Dropping every picture, set down exactly the lines in the entries below, starting with the line with "Chic Knitted Sweater" and going on through the line with "Kids 3 Piece".

→ **Records for the exercise**:
=-=-=-=-=
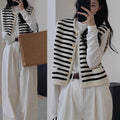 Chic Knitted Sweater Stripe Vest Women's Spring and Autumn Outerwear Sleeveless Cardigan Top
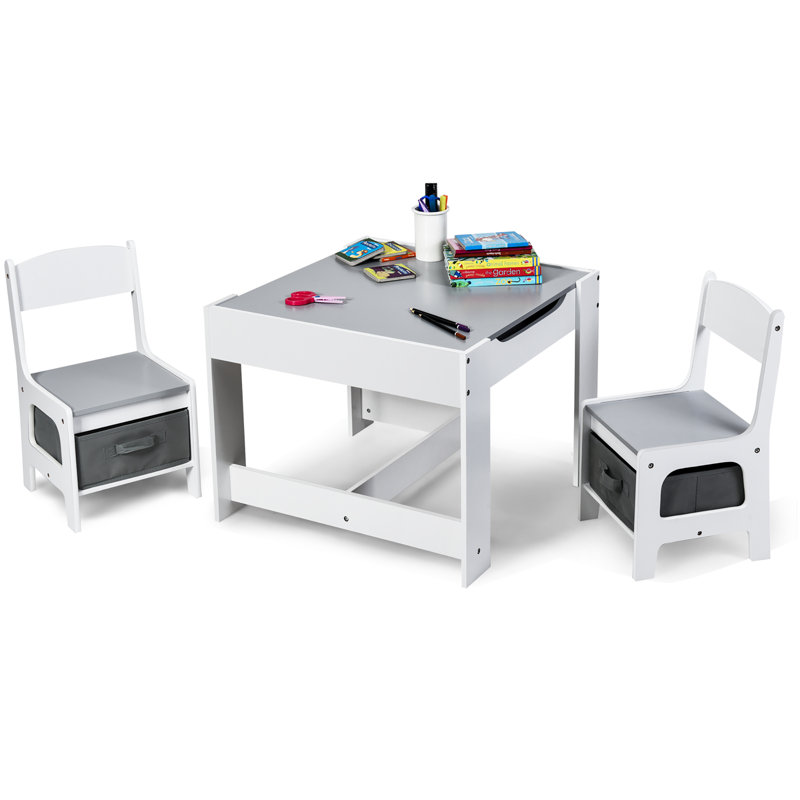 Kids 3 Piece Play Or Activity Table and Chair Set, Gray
=-=-=-=-=
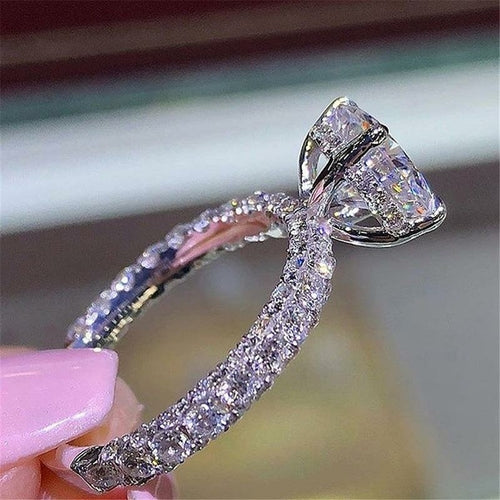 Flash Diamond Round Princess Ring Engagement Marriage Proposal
=-=-=-=-=
→ **Task response**:
 Chic Knitted Sweater Stripe Vest Women's Spring and Autumn Outerwear Sleeveless Cardigan Top
 Kids 3 Piece Play Or Activity Table and Chair Set, Gray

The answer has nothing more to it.